All item parameters are per item, nothing is per station. One annoying thing with cybersyn is trying to have a station that provides a mix of byproducts and non-byproducts. Here's how setting up byproduct provider works in cybersyn vs SSPP:
Cybersyn: Decide on a network mask for byproducts. Do a bunch of maths to work out the how many items you need to keep in storage. Set up combinator logic to only provide to the byproduct network if items are above a certain threshold (that you need to work out). Set a provide threshold signal. Conditionally set priority based on the threshold. Live with the fact that it is impossible to provide multiple items at this station as the secondary settings are shared.
SSPP: Set the maximum throughput for this item at this station. Flick the "push" switch. Set locked slots on your storage to the value SSPP tells you to.

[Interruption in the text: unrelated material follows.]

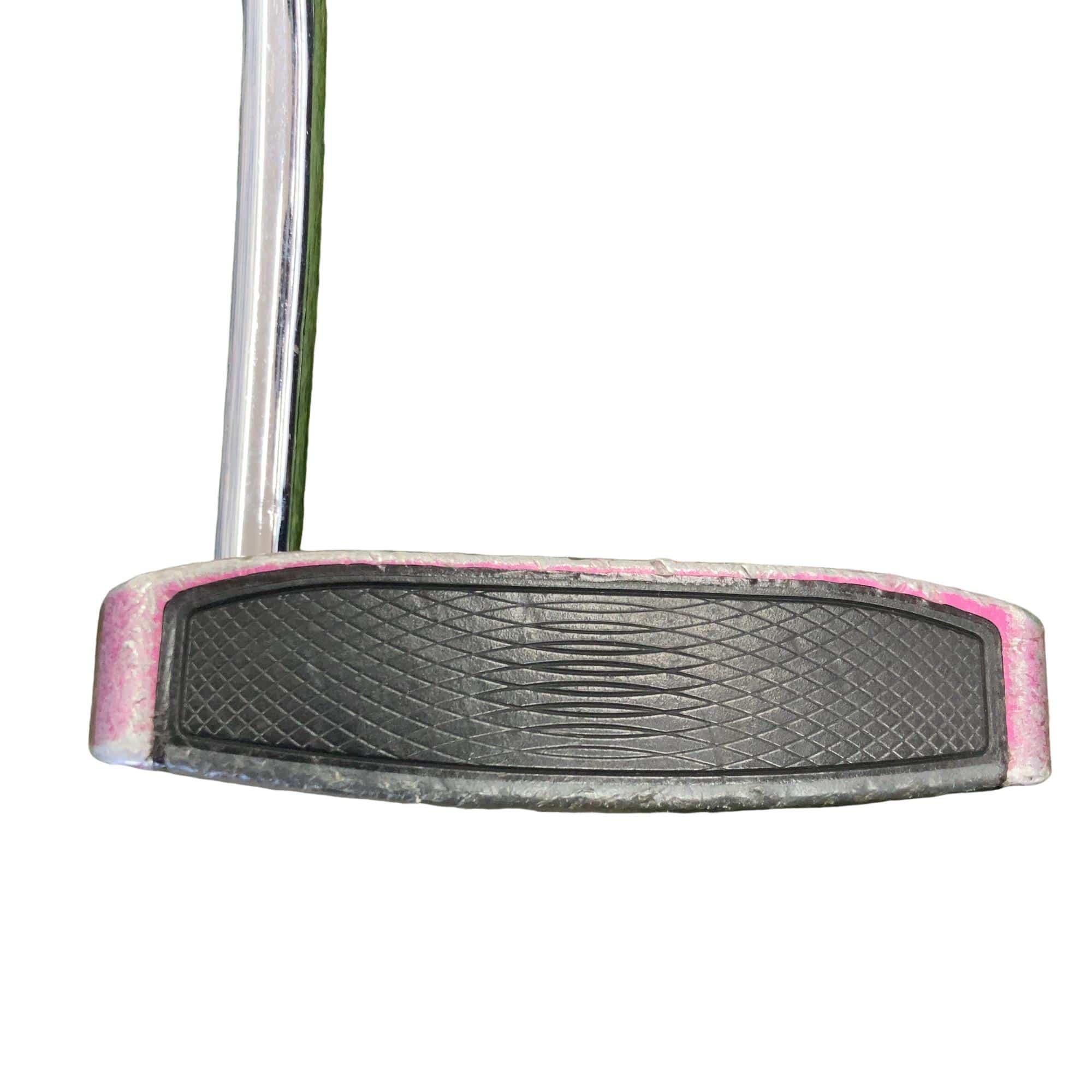 �f�@�k���Q�@�d�b�g�n�@�R�R�C���`�@���f�B�[�X�@���t�e�B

That's it. You can provide as many byproducts or non byproducts as you want, as long as you have enough storage. SSPP with make sure that this station is preferred for this item over non-push stations, and will prefer sending to pull stations before finally sending things to sink (void) stations if there is nowhere else.
For some context, I did quite a lot of work on cybersyn a while ago, including a rather massive overhaul (https://github.com/mamoniot/project-cybersyn/pull/135) that sadly never got merged, as the project lacked a maintainer at the time, and recently I wasn't really interested in updating it to 2.0. Since then I realised that IMO cybersyn is extremely overcomplicated, and felt like seeing what I could do starting with user experience as the primary goal rather than increasingly niche functionality.
There's a few other things, like SSPP is capable of robustly handling spoilable items, should in the long term have a lower ups cost (it has a much simpler core algorithm, though I haven't done any profiling yet), and other stuff I'm sure I've forgotten.
Cybersyn is still great, but SSPP aims to be what I would personally consider "pleasant" to use, and my hope is that there might be a few others that also share my opinions in that regard.
Hope that helps for now! I'll get around to writing a more comprehensive comparison at some point.